So there's five more critical reasons to seek the dismantling of factory farms, in addition to the moral imperative.    

http://attempter.wordpress.com


Thansk for the post! (4.00 / 3)
I've been vegan since 1991.  And am grateful that I'm tolerated so long as I don't get "preachy" by, for example, pointing out that animal agriculture causes 3+ times the global warming pollution of the entire transportation sector.  Though to be fair, not all animal agriculture is created equal--there are sustainable ways to do animal agriculture, but they're pretty much the opposite of the industrial monoculture farming which is in vogue.

I kill to eat. (4.00 / 7)
No apologies for that.

I have close friends who offer thanks before eating, and some do so before killing...speaking to their prey, and that which they gather, with respect and gratitude.

Since childhood I've believed that knowing where our food comes from should be a fundamental part of education, starting in elementary school: killing, butchering, slaughterhouses, fishing, processing plants, extreme horrors like CAFOs, etc.

Veggies shouldn't be exempted from such education: chemical farming, farm labor and processing of fruits and vegetables.


I've thought of (0.00 / 0)
only eating animals I would be comfortable killing myself.  Which would limit me to insects, probably.  And even then I'd have to limit it...

For now, I don't have enough self control and I still live at home so my parents dictate what I eat to a certain degree.  I'm reducing the meat in my diet, though.  And I only eat beef about twice a month, and from a nearby farm.  And I have my own chickens for eggs, although that's only slightly related.   So I'm making progress.


"Living beings" argument (4.00 / 1)
The idea that "animals are living beings so we shouldn't eat them" is absurd when one pauses to realize that vegetables, too, are "living beings".

Until we start eating rocks, depending on something that is or once was alive for food is an inescapable fact of life.

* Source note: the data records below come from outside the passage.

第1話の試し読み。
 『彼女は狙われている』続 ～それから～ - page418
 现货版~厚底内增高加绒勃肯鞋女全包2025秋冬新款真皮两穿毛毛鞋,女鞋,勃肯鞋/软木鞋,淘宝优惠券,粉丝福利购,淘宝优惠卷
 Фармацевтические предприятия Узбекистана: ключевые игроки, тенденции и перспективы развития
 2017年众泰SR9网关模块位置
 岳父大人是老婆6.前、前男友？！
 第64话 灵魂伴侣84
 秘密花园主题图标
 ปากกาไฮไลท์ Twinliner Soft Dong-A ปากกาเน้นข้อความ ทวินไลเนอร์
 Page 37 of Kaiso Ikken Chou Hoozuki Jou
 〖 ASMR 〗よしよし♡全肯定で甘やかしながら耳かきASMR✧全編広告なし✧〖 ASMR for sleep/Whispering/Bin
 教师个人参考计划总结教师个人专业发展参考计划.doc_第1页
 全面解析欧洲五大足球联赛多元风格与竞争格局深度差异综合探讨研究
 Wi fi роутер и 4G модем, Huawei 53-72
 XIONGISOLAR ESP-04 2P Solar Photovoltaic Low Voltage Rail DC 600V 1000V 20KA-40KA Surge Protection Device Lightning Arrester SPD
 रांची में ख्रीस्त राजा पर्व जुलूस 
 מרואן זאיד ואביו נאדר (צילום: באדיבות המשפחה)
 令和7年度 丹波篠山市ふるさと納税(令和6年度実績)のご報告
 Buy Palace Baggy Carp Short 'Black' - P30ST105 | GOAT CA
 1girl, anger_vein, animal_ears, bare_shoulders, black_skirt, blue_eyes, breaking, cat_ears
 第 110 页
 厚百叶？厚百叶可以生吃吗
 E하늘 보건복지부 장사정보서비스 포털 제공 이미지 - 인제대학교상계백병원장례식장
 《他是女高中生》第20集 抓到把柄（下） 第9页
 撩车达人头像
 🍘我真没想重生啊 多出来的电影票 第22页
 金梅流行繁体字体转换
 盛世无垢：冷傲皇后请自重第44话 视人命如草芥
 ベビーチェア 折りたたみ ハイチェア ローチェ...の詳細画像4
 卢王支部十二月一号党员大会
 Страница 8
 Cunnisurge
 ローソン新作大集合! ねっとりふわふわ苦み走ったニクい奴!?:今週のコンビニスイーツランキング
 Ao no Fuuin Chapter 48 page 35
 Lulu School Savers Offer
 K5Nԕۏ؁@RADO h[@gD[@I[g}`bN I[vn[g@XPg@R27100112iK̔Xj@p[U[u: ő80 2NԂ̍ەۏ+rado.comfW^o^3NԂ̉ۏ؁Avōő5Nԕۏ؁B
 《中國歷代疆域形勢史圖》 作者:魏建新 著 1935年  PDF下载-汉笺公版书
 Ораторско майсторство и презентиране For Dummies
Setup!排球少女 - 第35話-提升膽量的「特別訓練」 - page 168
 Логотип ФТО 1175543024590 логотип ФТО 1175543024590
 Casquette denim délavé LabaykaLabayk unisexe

Of course, animals can feel pain (correct me if I'm wrong, but plants cannot since they don't have nerves) so there is a difference there.  And that's why I'm fully with David Sirota when he calls for more humane treatment and slaughter of livestock.  But I hope no one is trying to make it sound like eating animals carries the same moral reprehensibility as taking a life, since almost everything that we eat had to die to become our meal.